For decades, I’ve seen the effects of all the problems with email on my friends, family and workers at companies of all sizes. These are problems people need solved.

The fact is, even the world’s most advanced (and most expensive) spam filtering systems only block about 90% of spam – and the 10% of spam that gets through those filters actually costs the world hundreds of billions of dollars in cyber-crime and lost productivity every year.

Here are a few more interesting reference points, for your information:

After more than 35 years, and in spite of serious effort by the world’s foremost network, security and email experts, spam is still with us – and it’s more dangerous and costly than ever.

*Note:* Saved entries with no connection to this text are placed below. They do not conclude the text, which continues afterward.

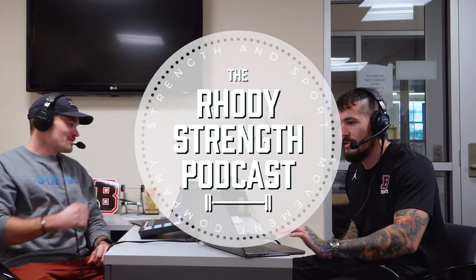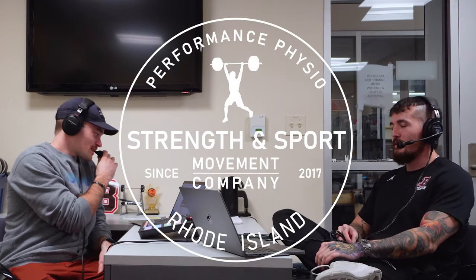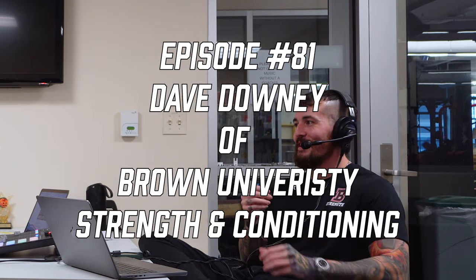What's going on guys? Dr. Matt here, host of the Roadie Strength Podcast. Got another special guest on today, Dave Downey, certified strength and conditioning specialist and strength coach over at Brown University. And we are here at the Brown University podcast studio today — the makeshift one in the office here.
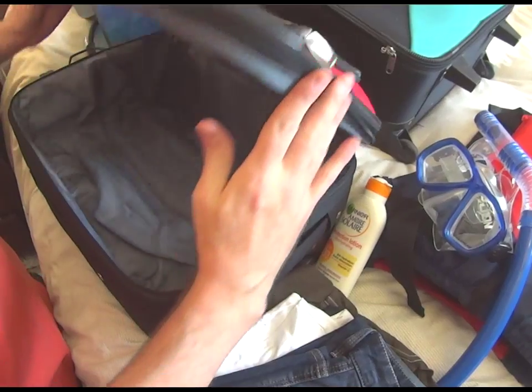Hi everybody, Mr Jones here. Tomorrow I'm going on holiday with my family, so I've been up in the attic getting my bags out. I've already packed the main luggage that goes in the hold of the aeroplane, but this smaller bag goes on as what's called hand luggage. It can only take a small amount, so it's time for me to pack those last few items.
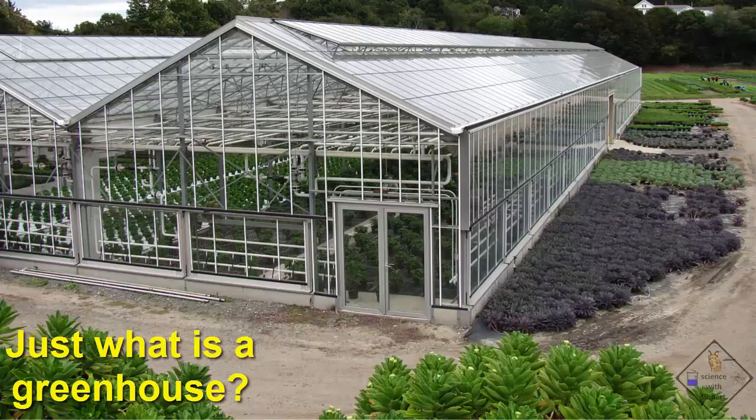Just what is a greenhouse? A greenhouse is a building that is built out of glass. Glass is used because it lets the visible rays of the sun pass through, which are then absorbed by plants and other colored or black surfaces inside the greenhouse.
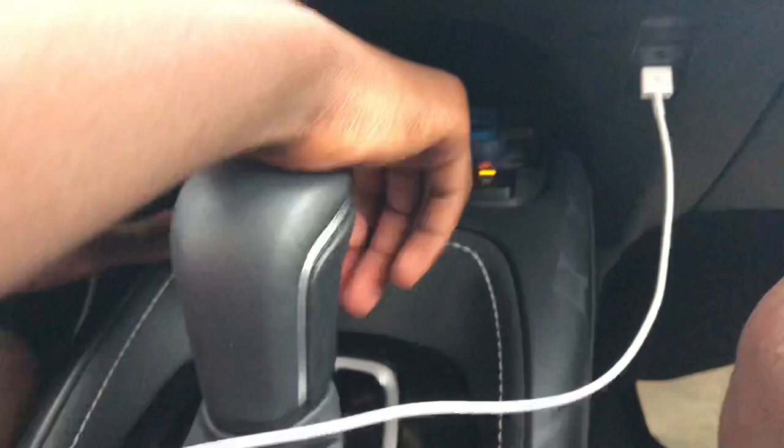Let's go ahead and take a look at the back. This is a basic backseat with a middle console and a nice area.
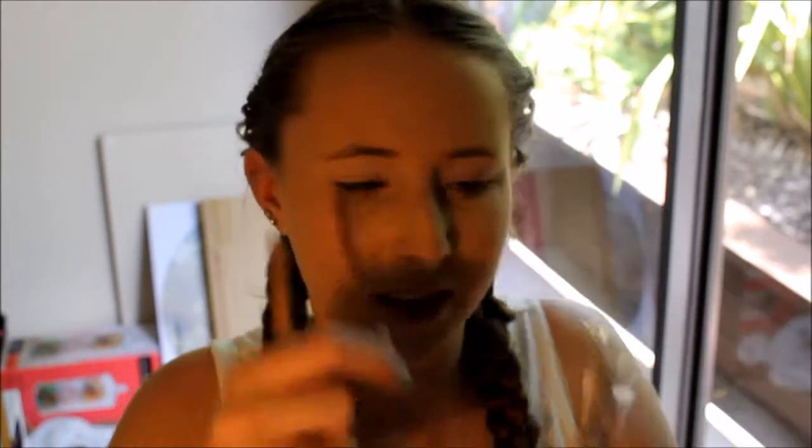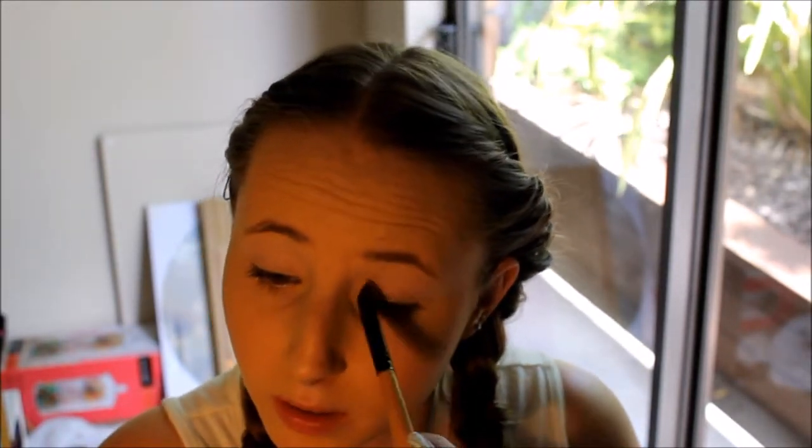Next I'm going to take a flat shader brush and put on a color that's a little bit gold but more just a neutral color, and pack that all over my lid. You can feel free to do your foundation last and do your eyes first — I'm just doing it this way because I've worn it all day and I don't really want to take it off and redo it. I'm only putting this neutral color on my lids.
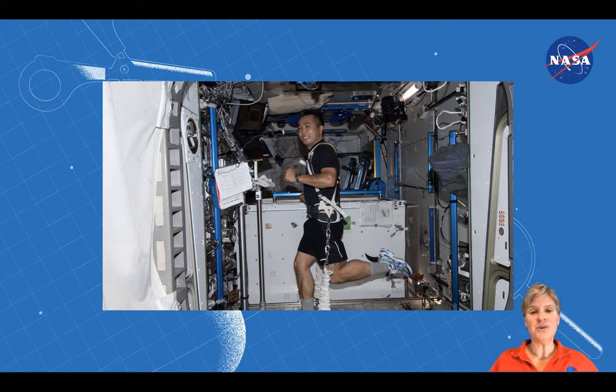What kind of exercise can you do besides the treadmill? Could you do jumping jacks? Could you do push-ups? What can you do?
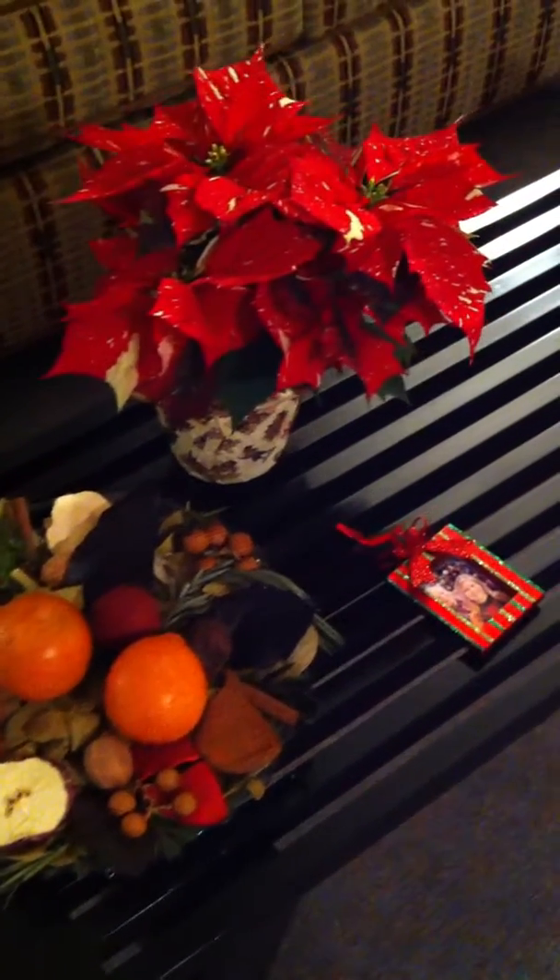I also have my poinsettia from Trader Joe's. And from Thanksgiving dinner, my cousin Rhonda and I — she had each guest pose with her for a photo in front of her Christmas tree, then she ran upstairs, printed out the photos, put them in these frames, and they were a part of our place setting. Incredible.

So, why haven’t the world’s smartest experts been able to solve the spam problem? Because they’ve all been trying basically the same approaches.

The most common technical attempts to address email security have relied primarily on Bayesian filtering, pattern matching (which only works after-the-fact), updates to email protocols and international standards that are easily circumvented, and/or a patch-work of fixes made by particular service providers which only work for their users.

It’s important to note right here that spam isn’t the only problem with email. With so much focus on blocking malicious emails, we forget about all that other productivity-sucking clutter we’ve been building up for ourselves over the years – newsletters, old subscriptions, the dozen or so emails your sister-in-law sends you every day because she still believes in chain-letters, or all those mailing lists we were added to after registering at the mall to win that shiny new BMW ten years ago… Wouldn’t you love to free yourself from all of that too?

AllowInbox is being built to offer a much better, more productive inbox experience – on top of a real solution to the spam, and junk and inbox clutter problems, that actually works for everyone – no matter which email service they use.

Your inbox is about much more than just email – it’s about your valuable time, productivity, and security. We believe your inbox should do more to protect you.

And soon, it will.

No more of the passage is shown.